=== Data below ===
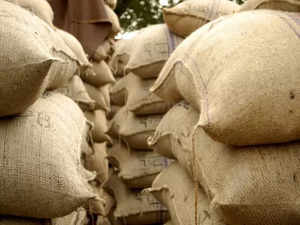 Government sells 1.66 lakh metric tons wheat, 0.17 LMT rice in e-auction to reduce retail prices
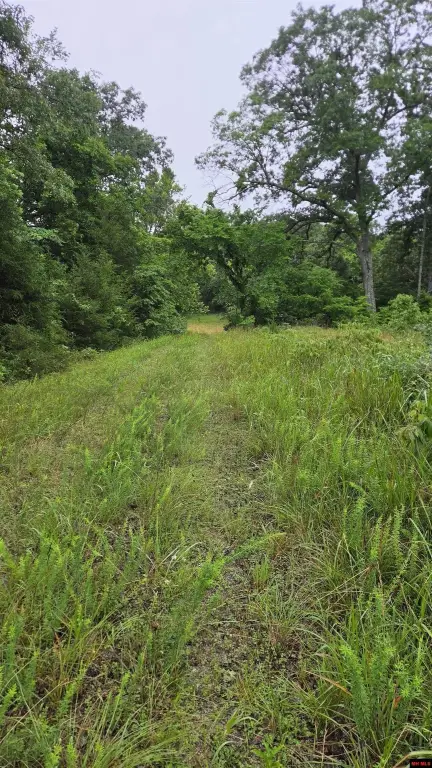 Picture 21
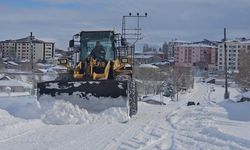Göle'de kar kalınlığı 80 santimetreyi buldu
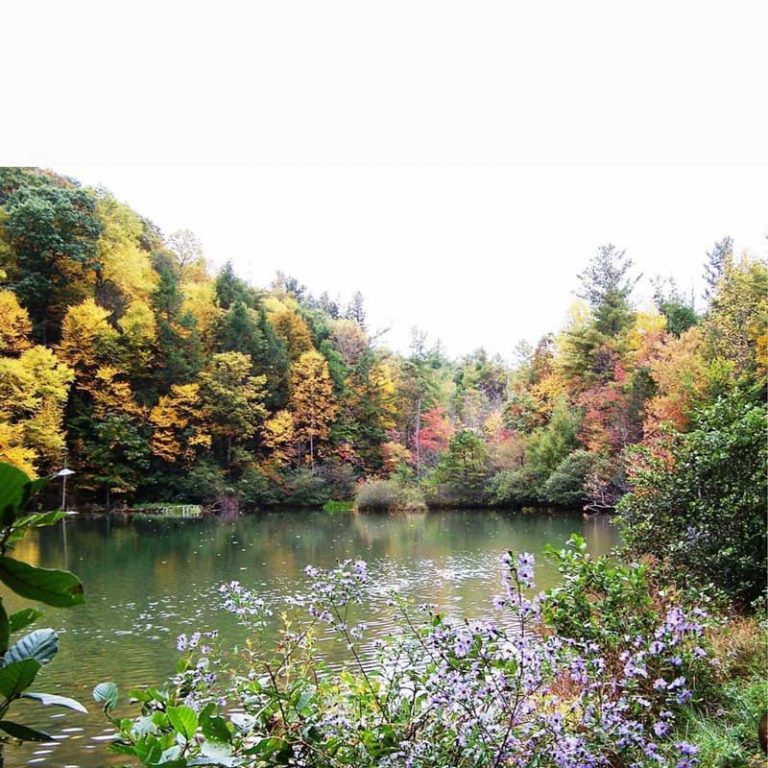 25 Top Fun Things to Do in Wytheville (VA) The Tourist Checklist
===
:: Required work ::
Retype the full listing exactly; pictures stay out.

:: Task output ::
 Government sells 1.66 lakh metric tons wheat, 0.17 LMT rice in e-auction to reduce retail prices
 Picture 21
Göle'de kar kalınlığı 80 santimetreyi buldu
 25 Top Fun Things to Do in Wytheville (VA) The Tourist Checklist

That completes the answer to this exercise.